Ok, say they previously ranked C over A, but now they switch the rank
positions of C and A.

[quote]
Then you would reject A > B, B > C, C > D,
D > A, and B > D and keep C > A
[/quote]

There are no defeats that aren't in a cycle in which all the other
defeats are at least as strong.
When I wrote my definition, I didn't consider such a situation. I
assumed that there would be some defeats kept because they weren't in
a cycle with defeats that were all at least as strong.

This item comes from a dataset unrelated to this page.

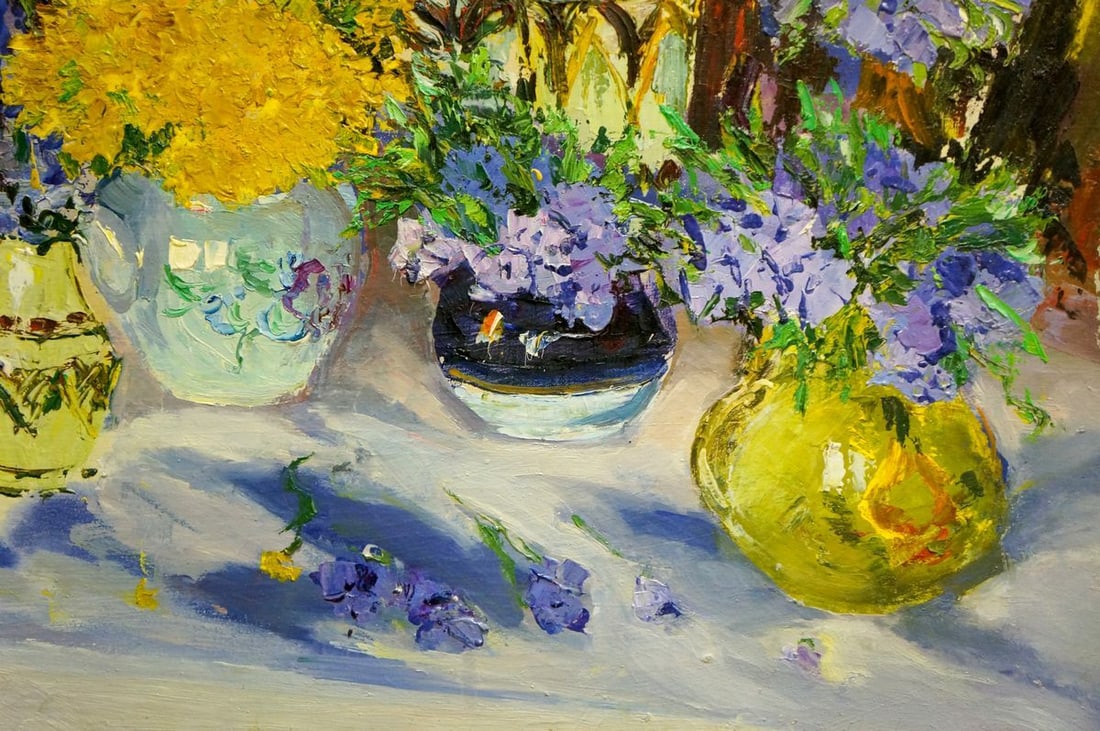 Oil painting Flowers in pots Shapovalov Sergey Gavrilovich - 6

In your example, my definiton doesn't give a result. That brief
definition doesn't work in that example. When it isn't possible to say
which defeats are or aren't kept, that sounds like a tie among all the
alternatives. So I'd say that the method, as i define it, returns a
tie, before and after those voters switch A and C in their rankings. A
tie because of indeterminability.

I don't have a copy of Prabhakar's definition right now, but if he
said to consider the defeats one at a time, stronger ones first, and
keep them if they aren't in a cycle consisting only of them and
stronger defeats, and to otherwise throw them out, then the method
would first keep all of the defeats except for A>C. Next A>C would be
considered, and thrown out. But A wouldn't win, because D>A is kept..
It's still a tie.

By the way, do you have a set of ranings that gives the pairwise
defeats in your example? Shouldn't an example state the rankings, in
order to avoid examples consisting of sets of pairwise vote-totals not
consistent with any set of rankings?

Your example seems to show that my definition can result in not having
a determinable result at all. A tie in the broadest sense, but not the
kind that one would prefer.

Maybe it would be better to define the method in the usual
ordered-considering way.

But, for the MMV/DED way of handling equal defeats:

Say that if several equal defeats, when considered (at the same time,
of course) are all in a cycle consisting only o them and stronger
defeats, than all of those equallly weaker ones are rejected together.
...and if they're all in a cycle only with eachother, then too are
they're all rejected together.

That will be my ordered-procedure definition of MMV/DED.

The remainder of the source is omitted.